(Recorded information)

################

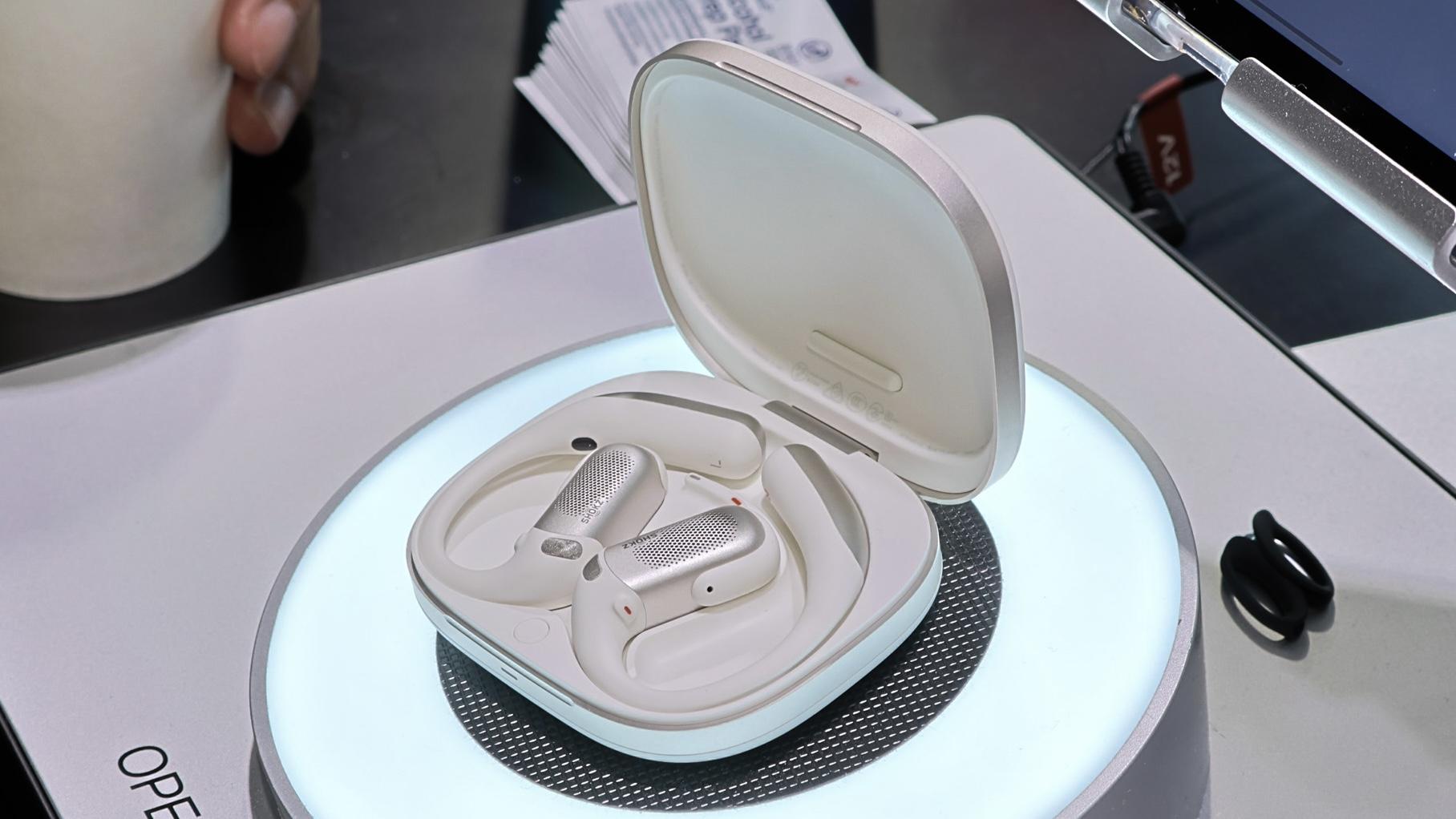 オープン型なのにうるさくない。CESで見つけたShokzの不思議イヤホン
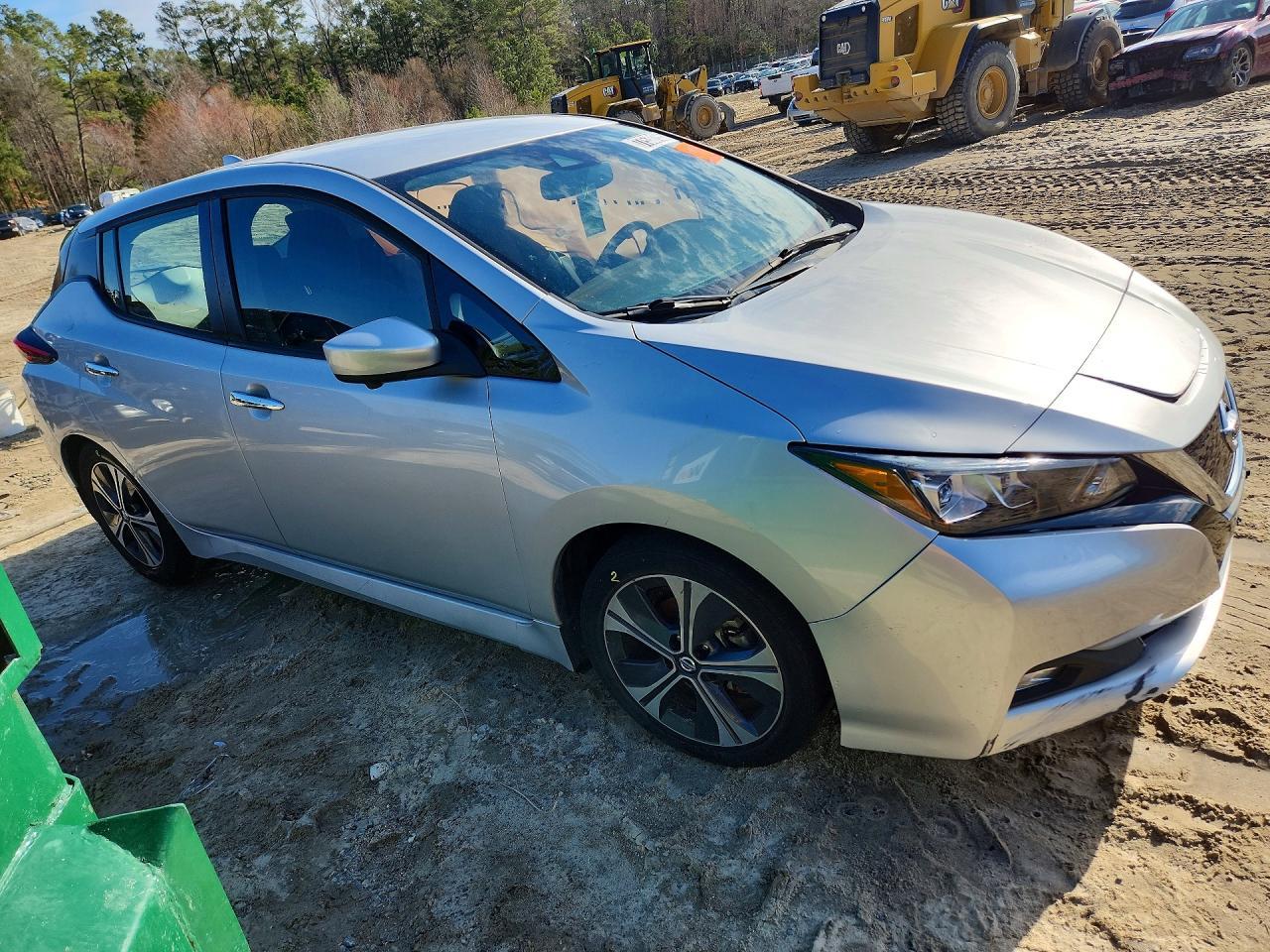 2020 NISSAN LEAF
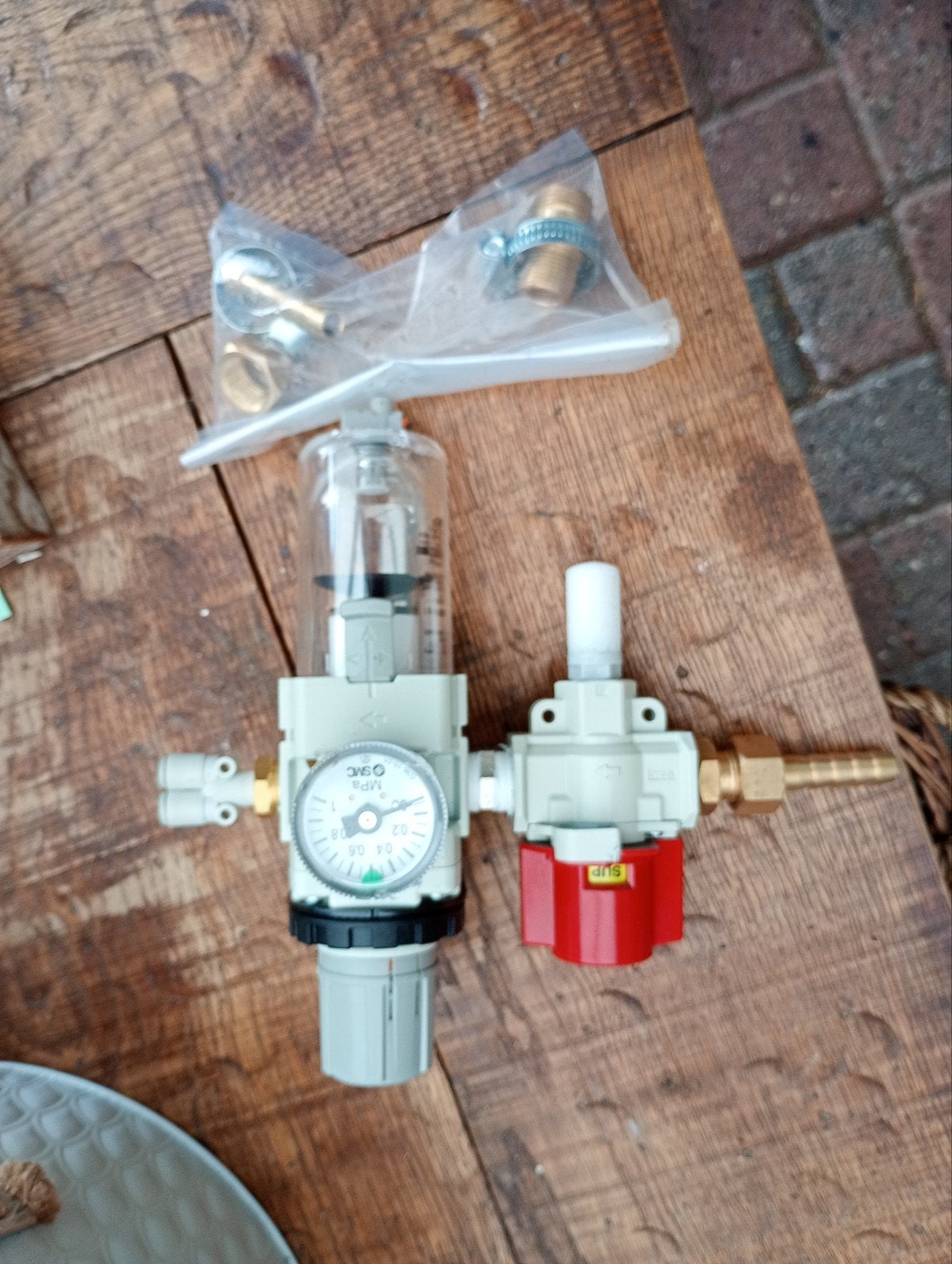 Luchtdrukregelaar met manometer en waterafscheider, Ophalen of Verzenden, Zo goed als nieuw, Overige typen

################

(Brief)
Any picture in the material is to be left out, and everything else is to be retyped as is.

(Response box)
 オープン型なのにうるさくない。CESで見つけたShokzの不思議イヤホン
 2020 NISSAN LEAF
 Luchtdrukregelaar met manometer en waterafscheider, Ophalen of Verzenden, Zo goed als nieuw, Overige typen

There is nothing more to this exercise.